Выбрать главу

Счастливая Москва — это девочка без роду и племени, очнувшаяся для жизни в городе, давшем ей свое имя, отчество всеобщее — Ивановна, а фамилию — Честнова, в «знак честности ее сердца». Когда это столь щедро и добро заявленное существо подалось в парашютистки, я понял, что Платонов ее не любит или разлюбил в долгописании. К женщинам-парашютисткам у него был свой особый, платоновский счет. В другом его рассказе хорошенькая парашютистка — это змея-разлучница, опасность для скромной семьи — не всерьез, но вроде и всерьез. И вот Москва совершает затяжной прыжок «сквозь вечерний туман, развившийся после дождей» на новом парашюте, пропитанном водонепроницаемым лаком. Замечательно, по-платоновски описан выход в поднебесную пустоту. Повиснув на крепких ремнях, Москва начинает плавное снижение. И вдруг совершает нечто противное здравому смыслу: она закуривает. Вы представляете себе курящего парашютиста? К тому же Москва не курит; ни до, ни после прыжка на всем протяжении романа она не притрагивается к папиросам. А тут закуривает в воздухе, разом потратив коробок спичек, и поджигает шелковый, пропитанный составом купол. Это не поступок Москвы, а поступок автора, нужный для его целей, а не для целей персонажа. У другого писателя такая несуразица была бы промашкой, но не у такого мастера, как Платонов. У него это проверка здравым смыслом очередного советского уродства, вроде железной бляхи на соске или размалеванного, как потаскуха, паровоза.

Парашютизм — полезное всемирное занятие, пока не уподобляется амоку, как у нас в тридцатые годы.
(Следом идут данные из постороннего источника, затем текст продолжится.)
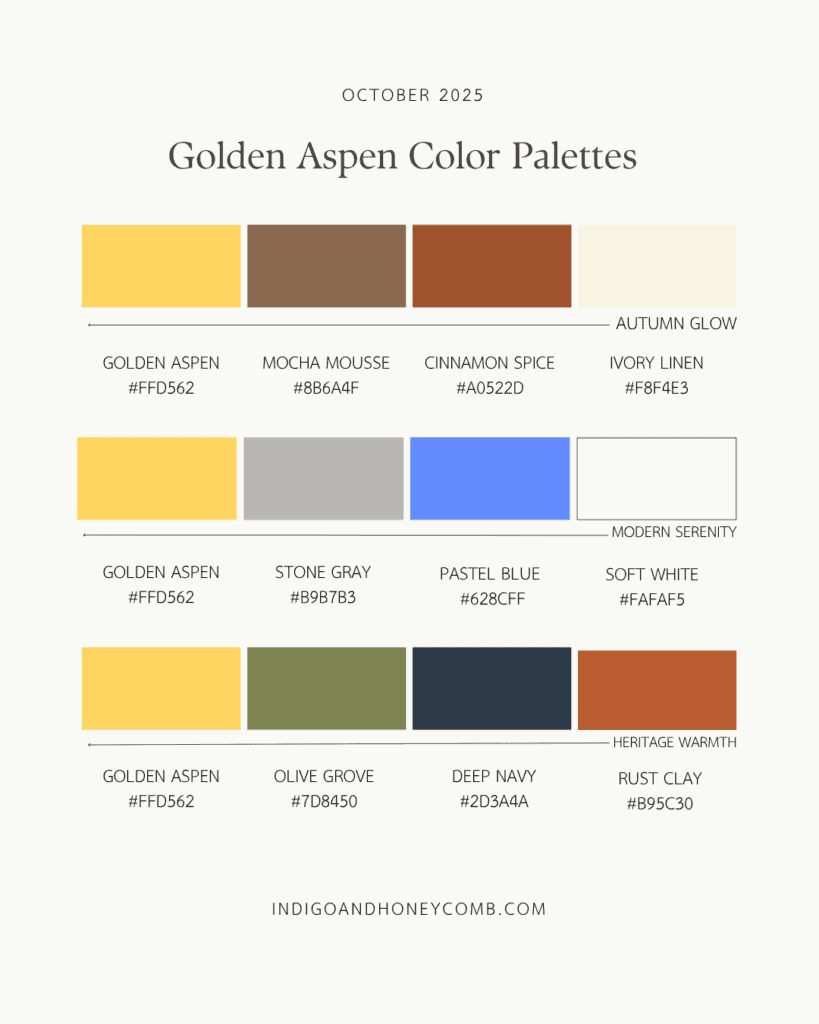 Golden Aspen color palettes for interior design and fall inspiration.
Тогда это стало таким же помешательством власти, перекинувшимся на замороченный народ, как позже первая очередь метро, стрелковые кружки, МОПР, ударничество, стахановское движение, нормы ГТО, четвертая глава, борьба с космополитизмом и прочие мании Сталина, превращающиеся во всеобщее безумие.

Долгое и бессмысленное болтание между небом и землей — нечто вроде перекура, и Платонов реализует метафору, добиваясь компрометирующего эффекта. Лев Толстой говорил: надо хорошо жить на земле, а не плохо летать в небе. Женщине надо осуществлять свое предназначение деятельной любви, выращивания нового человеческого существа, а не висеть на стропах.
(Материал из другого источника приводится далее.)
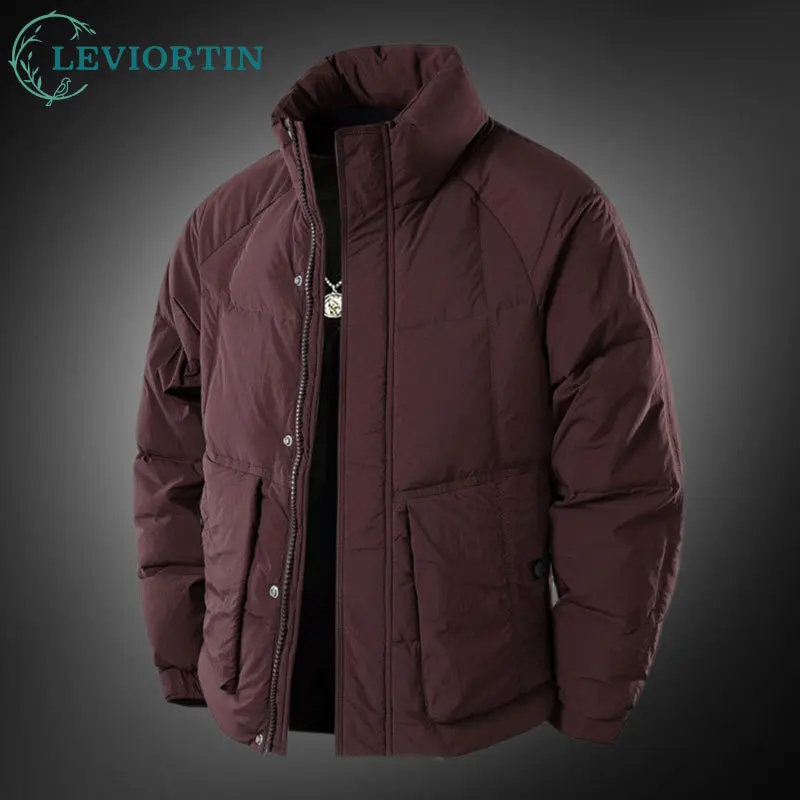 

Зимняя мужская куртка-карго на белом утином пуху, уличная спортивная одежда, ветрозащитная, холодная, толстая, теплая, пуховая куртка с воротником-стойкой, рабочая стеганая куртка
Завершается трагикомический эпизод с глубокой серьезностью, достойной пилота-писателя Сент-Экзюпери: Москва прославилась (глупой славой), но из авиации ее отчислили, ибо воздухофлот — скромность, а она — роскошь.

С удивительного небесного факела началось незаметное разрушение едва забрезжившего прелестью образа Москвы — нравственное и физическое, превратившее цветущую девушку в Бабу Ягу — Костяную Ногу. Кстати, описывая ее внешность, Платонов с видом простодушного восхищения говорит о ее юной «опухлости». Выражение «пухленькая» передает миловидность девушки, но «опухлость» — это для утопленницы. Жесток Андрей Платонович к светлой комсомольской юности!
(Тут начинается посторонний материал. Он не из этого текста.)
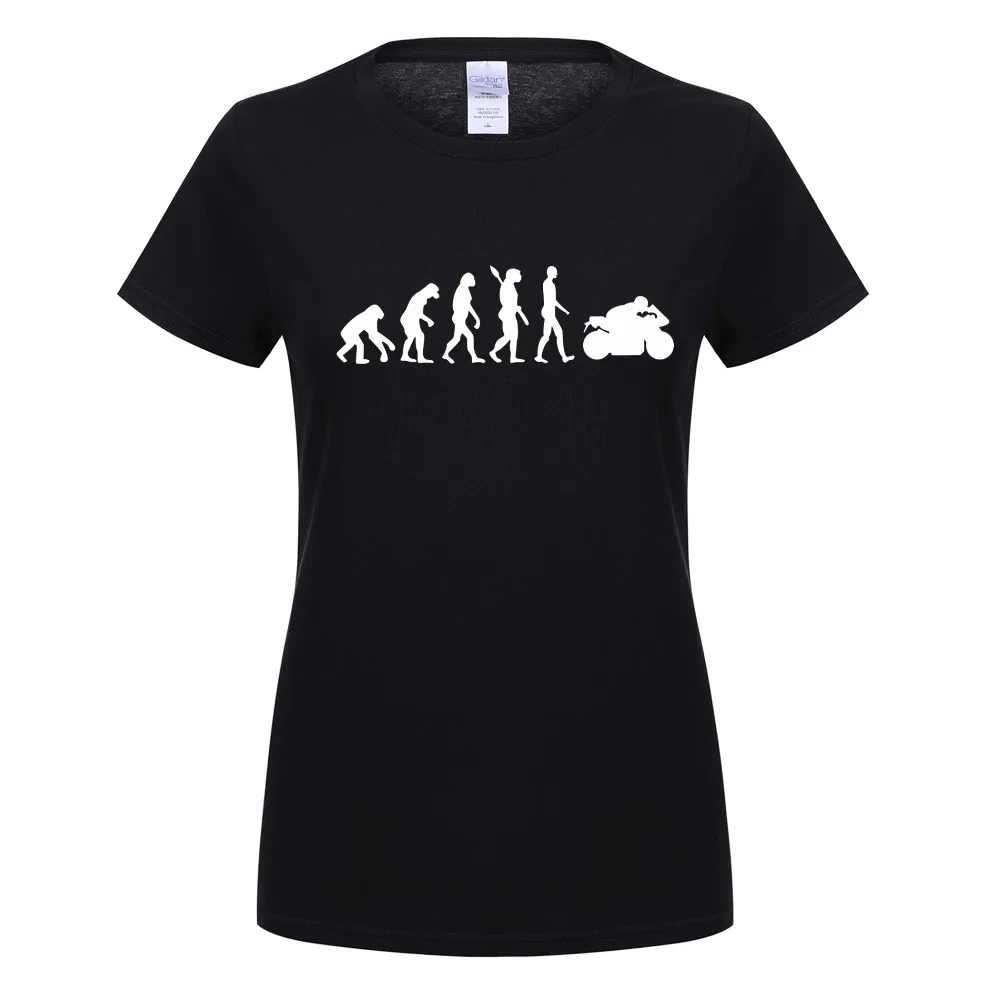 Women T-shirt MOTORCYCLE APE TO EVOLUTION T Shirts New Summer Short Sleeve O-Neck Cotton Women Tops Female Clothing OT-005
«Счастливая Москва», роман безмерного разочарования, начинался в одном мирочувствовании, еще во власти каких-то надежд, иллюзий и несомненного желания выжить, а завершался в состоянии, близком к отчаянию, что вполне соответствует датам его написания 1932–1936. Когда Платонов достал свою амбарную книгу, уже был разгромлен «Впрок», но ему казалось, что он еще держится на плоту Медузы, идущем к берегу спасения. Последние строчки писались в дни нового апокалипсиса, ибо, вопреки бытующему ныне мнению, обвальные репрессии начались не в тридцать седьмом, а на полгода раньше…

«Опухлая» Москва как-то печально, без всяких усилий завораживает всех персонажей мужского рода: и кроткого духом Божко, геометра, городского землеустроителя, утратившего последние черты личности в социалистическом радении, и жутковатого, со сдвинутой психикой хирурга-прозектора Самбикина, и гениального изобретателя Сарториуса, пропавшего от любви, и вневойсковика-паразита, страшненького Комягина, и каких-то случайных зашельцев в роман. И с каждым она спит — с кем на койке, с кем во влажной землеройной яме, с кем в опрятной курортной постели: ей это безразлично, как и то, с кем спать. Настолько все равно, что, уже став калекой — ногу потеряла в шахте Метростроя, — она, отлюбив прооперировавшего ее Самбикина, уходит на протезе к вневойсковику Комягину, становится его женой, но, поругавшись, сгоняет сожителя на пол и пускает к себе притащившегося откуда-то Сарториуса; утром же, забыв о еще не ушедшем Сарториусе, вновь принимает под бок замерзшего на полу Комягина. И все это без психологии и чувства, так же просто и равнодушно, как земля принимает дождь, град, снег.